During Q3, Prime Day 2019, which spanned a 48-hour period from July 15-16, surpassed previous Prime Day, Black Friday and Cyber Monday promotions to become Amazon’s biggest sales events ever. Digital Commerce 360 estimates that the retailer reached $7.16 billion in global sales this summer, up 71.0% from $4.19 billion sold during the 36-hour sale in 2018. Although Amazon doesn’t disclose its revenue from Prime Day, the company reported selling more than 175 million products compared with 100 million last year, and said sales through marketplace sellers crossed $2 billion. Last year, Amazon said marketplace sales “far exceeded” $1 billion during Prime Day 2018.

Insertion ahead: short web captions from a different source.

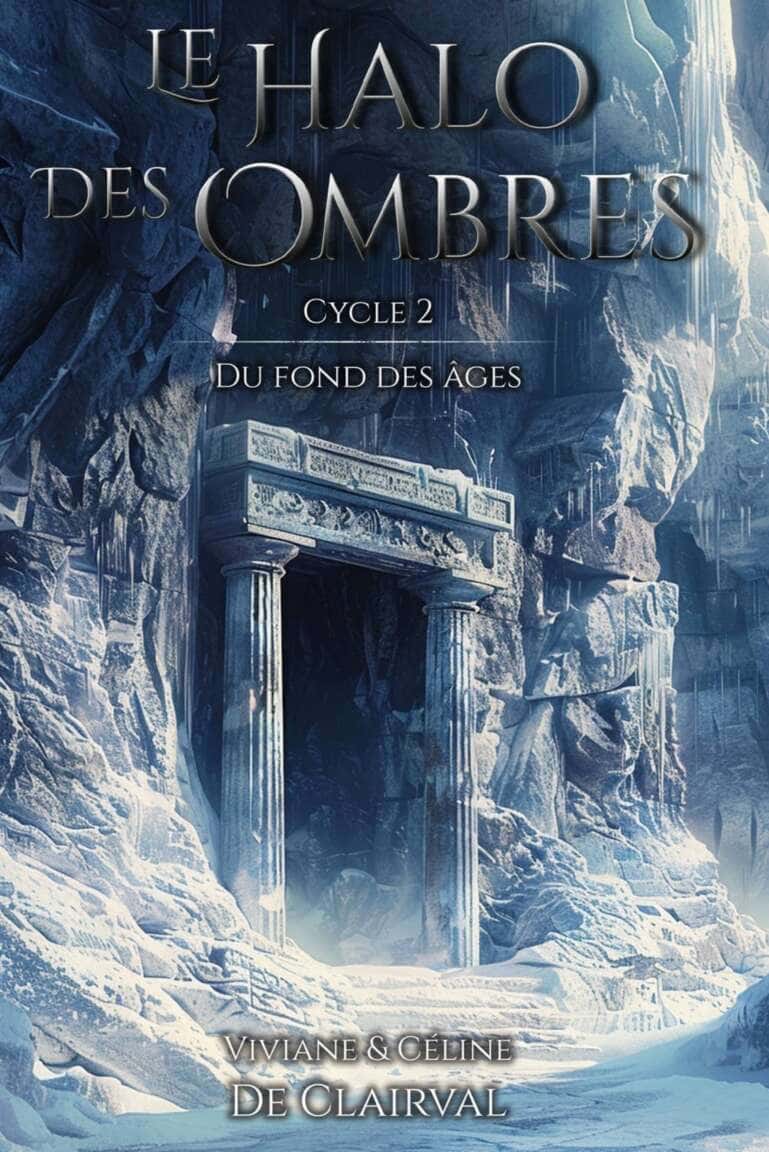 Le halo des ombres T2 - Du fond des âges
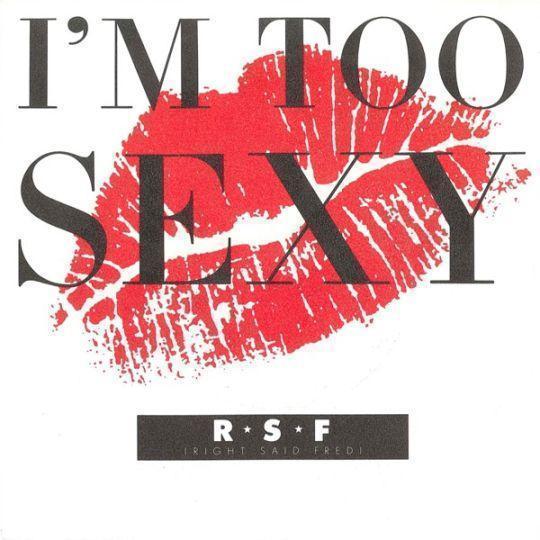 Coverafbeelding Right Said Fred - I'm Too Sexy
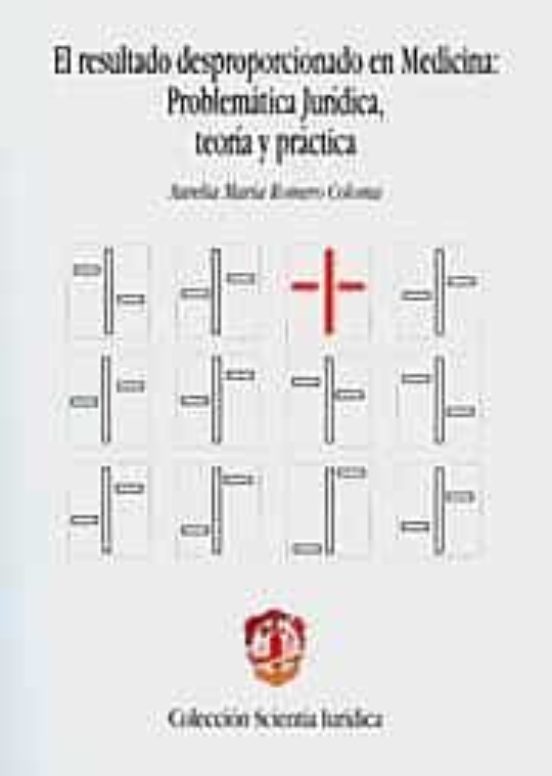 El Resultado Desproporcionado En Medicina : Problematica Juridica Teo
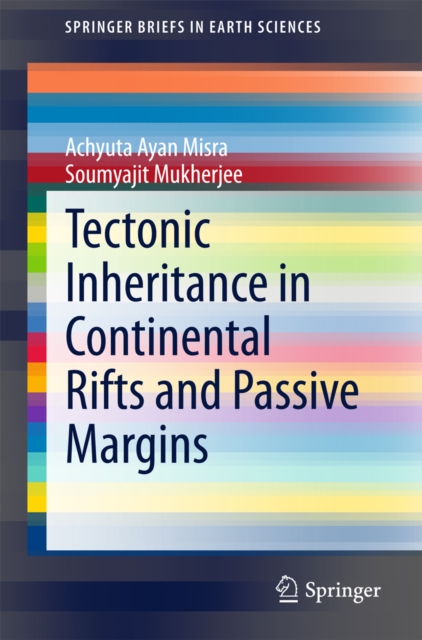 Tectonic Inheritance in Continental Rifts and Passive Margins, PDF eBook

If the domestic share of Amazon’s Q3 revenue the past couple of years held true during the July event, Prime Day sales in the United States hit $4.71 billion in 2019, a 73.6% increase from $2.71 billion the prior summer, according to Digital Commerce 360 estimates. If correct, that estimated $2 billion in increased web sales during those two days would account for more than 9.0% of the year-over-year online retail sales growth in Q3. But since Prime Day got its start in the United States market and only recently expanded internationally, it’s likely that the event has a bigger presence stateside and that the United States garnered an even larger share of global Prime Day sales than the conservative $4.71 billion suggests.

While Prime Day’s success was a growth driver for U.S. ecommerce last quarter, analysts cite other Amazon headlines as having an outsized impact on the overall market.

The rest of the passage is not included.